During the presidential debates, he hammered repeatedly an “all of the above” theme, though he also surprised many by making a strong statement about the urgency of confronting climate change during his second term.

This week, President Obama once more talked about his “all the above” strategy as he announced that he was setting aside $2 billion for research and development on alternative transportation fuels.

Things are looking up for renewable energy, right? Not so fast.

Obama’s choice for new directors of the three agencies with the most relevance to climate change – the Environmental Protection Agency, the Department of Energy and the Department of the Interior — do not sew confidence that real change is coming.

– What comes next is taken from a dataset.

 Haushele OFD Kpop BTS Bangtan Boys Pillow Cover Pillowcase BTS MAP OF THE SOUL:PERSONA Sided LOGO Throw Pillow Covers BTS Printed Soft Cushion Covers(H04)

Obama selected Ernest Moniz as his choice to run the Department of Energy. An MIT professor and a proponent of fracking, Mr. Moniz recently led a controversial study that supported exporting liquefied natural gas and has taken a stance in favor of so-called “clean coal.” His long-standing support for nuclear power was unwavering even in the face of the Fukushima disaster.

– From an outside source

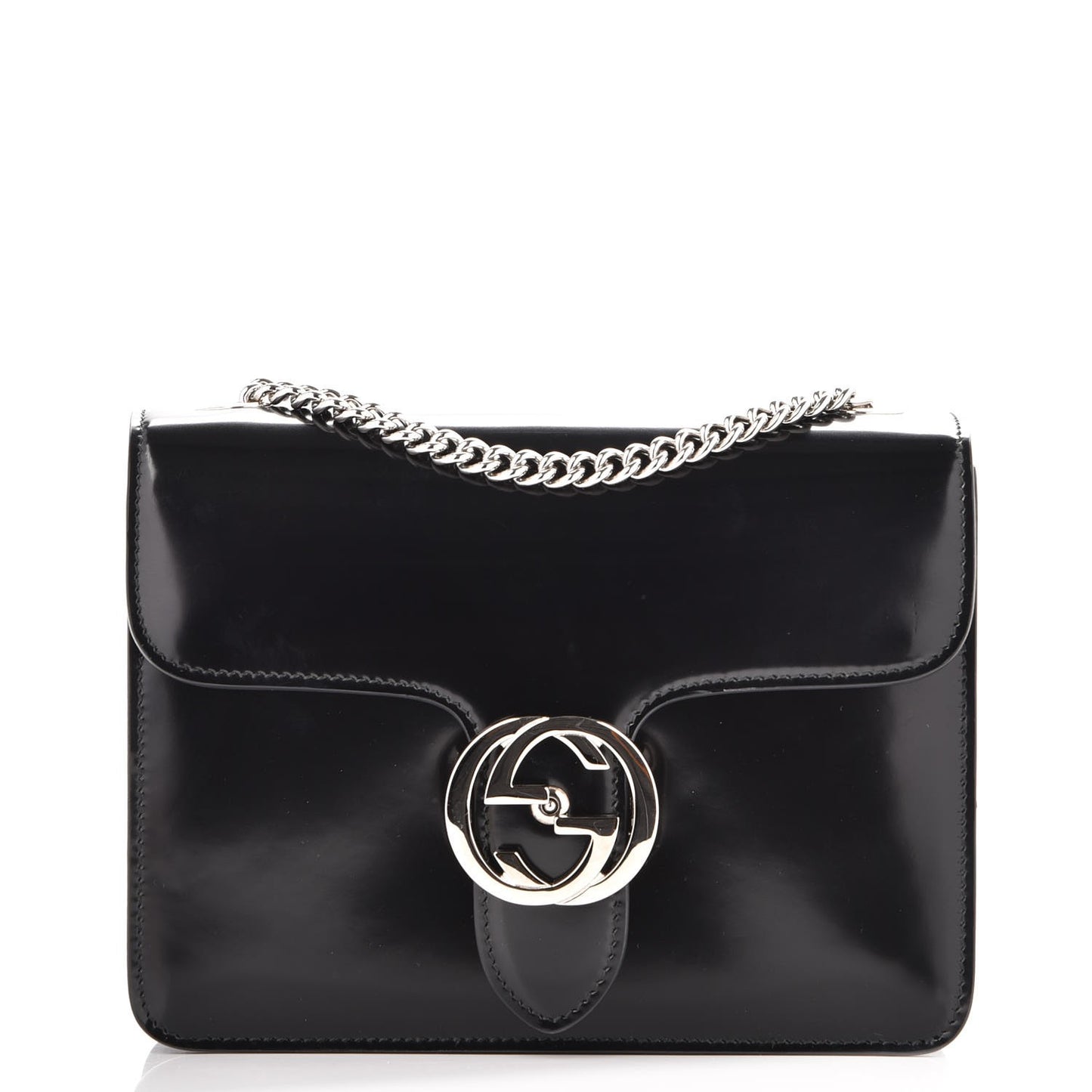 Shade Lux Calfskin Small Interlocking G Shoulder Bag Black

EPA will be headed by Gina McCarthy, currently the assistant administrator of the EPA‘s Office of Air and Radiation, where she crafted the EPA’s first air pollution rules for fracking and oversaw the development of as-yet-unfinalized standards that would essentially end new construction of coal-fired facilities without carbon capture or other techniques. She has drawn support from both environmentalists and industry alike.

And the person who will oversee the use of public lands is Sally Jewell, a former Mobil Oil engineer and now President and Chief Executive Officer of Recreational Equipment, Inc. (REI). Obama announced her appointment as secretary of Interior, where she will make crucial decisions about leasing federal land for oil and gas fracking or for renewable energy development. Though Jewell has a reputation as a conservationist, she has disclosed owning stock in numerous oil and gas companies, including Anadarko Petroleum Corp., Apache Corp., Chevron Corp., ConocoPhillips and Exxon Mobil Corp, along with Schlumberger and Halliburton.

All of these nominees are known for their active support of an “all of the above” approach on energy.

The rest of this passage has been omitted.